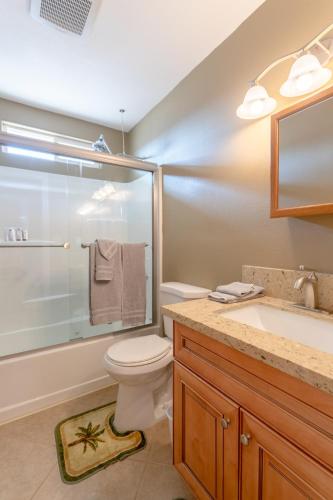 a bathroom with a toilet and a shower and a sink at Sunlight Retreat in Twentynine Palms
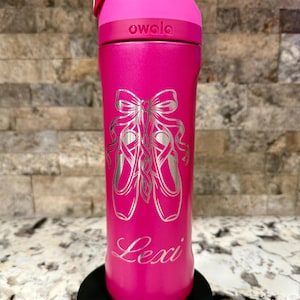 Pode incluir: Uma garrafa de água Owala rosa brilhante com um design gravado em prata de sapatilhas de ballet atadas com um laço. O nome Lexi está gravado em letra cursiva abaixo das sapatilhas. A garrafa tem uma tampa rosa a condizer com fecho.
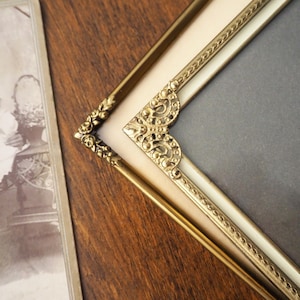 Könnte beinhalten: Nahaufnahme eines Vintage-Bilderrahmens in Goldoptik mit verzierten Eckdetails. Der Rahmen hat einen cremefarbenen Innenrand und einen dunkelgrauen Hintergrund. Auf der linken Seite ist eine Sepia-Fotografie teilweise sichtbar, die auf einer Holzoberfläche liegt.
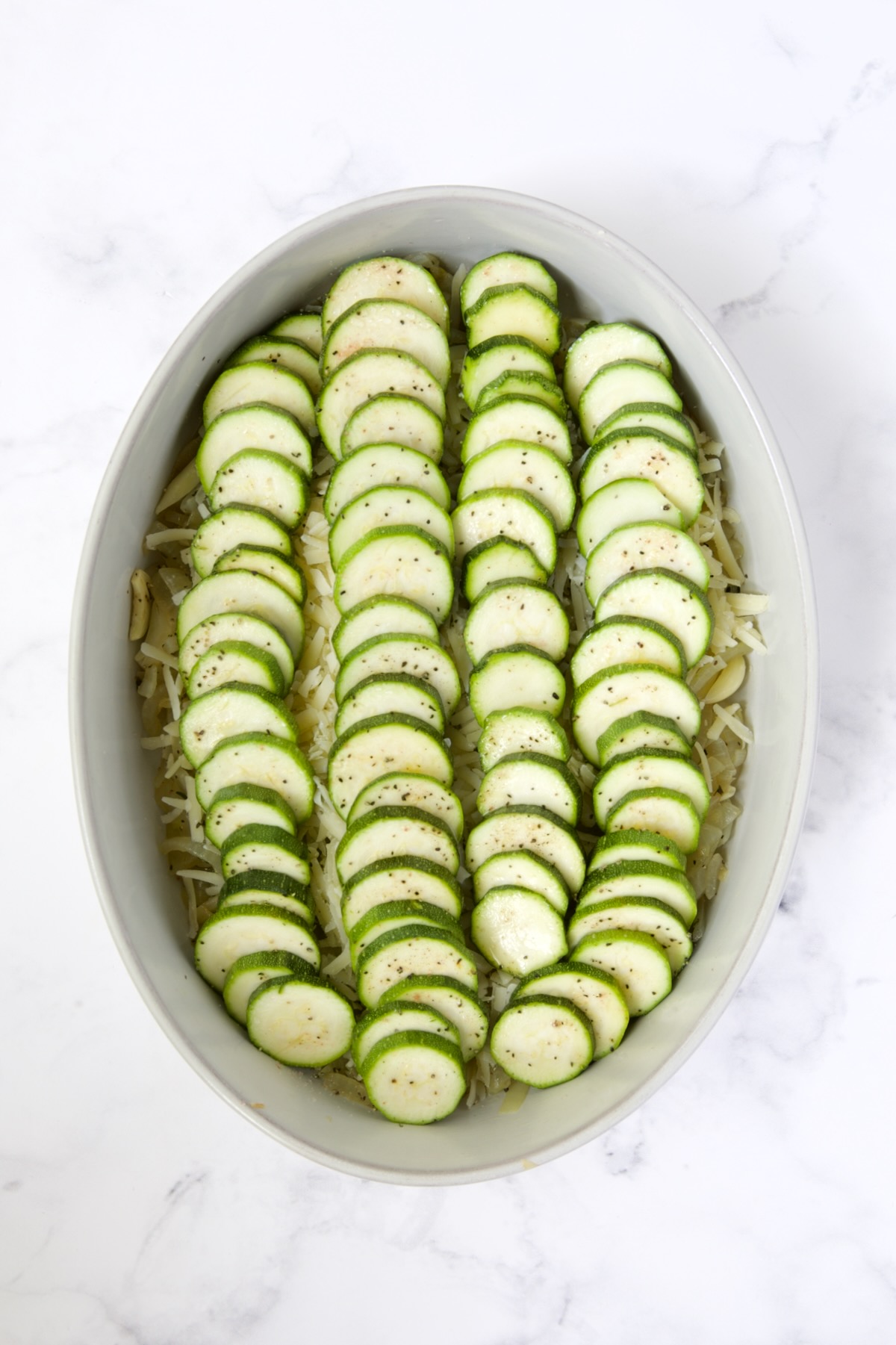 Sliced zucchini added to oval baking dish with the cheese and onion mixture.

▶ Work to be completed:
Everything in the listing must be restated word for word, except for the pictures.

▶ Task result:
 a bathroom with a toilet and a shower and a sink at Sunlight Retreat in Twentynine Palms
 Pode incluir: Uma garrafa de água Owala rosa brilhante com um design gravado em prata de sapatilhas de ballet atadas com um laço. O nome Lexi está gravado em letra cursiva abaixo das sapatilhas. A garrafa tem uma tampa rosa a condizer com fecho.
 Könnte beinhalten: Nahaufnahme eines Vintage-Bilderrahmens in Goldoptik mit verzierten Eckdetails. Der Rahmen hat einen cremefarbenen Innenrand und einen dunkelgrauen Hintergrund. Auf der linken Seite ist eine Sepia-Fotografie teilweise sichtbar, die auf einer Holzoberfläche liegt.
 Sliced zucchini added to oval baking dish with the cheese and onion mixture.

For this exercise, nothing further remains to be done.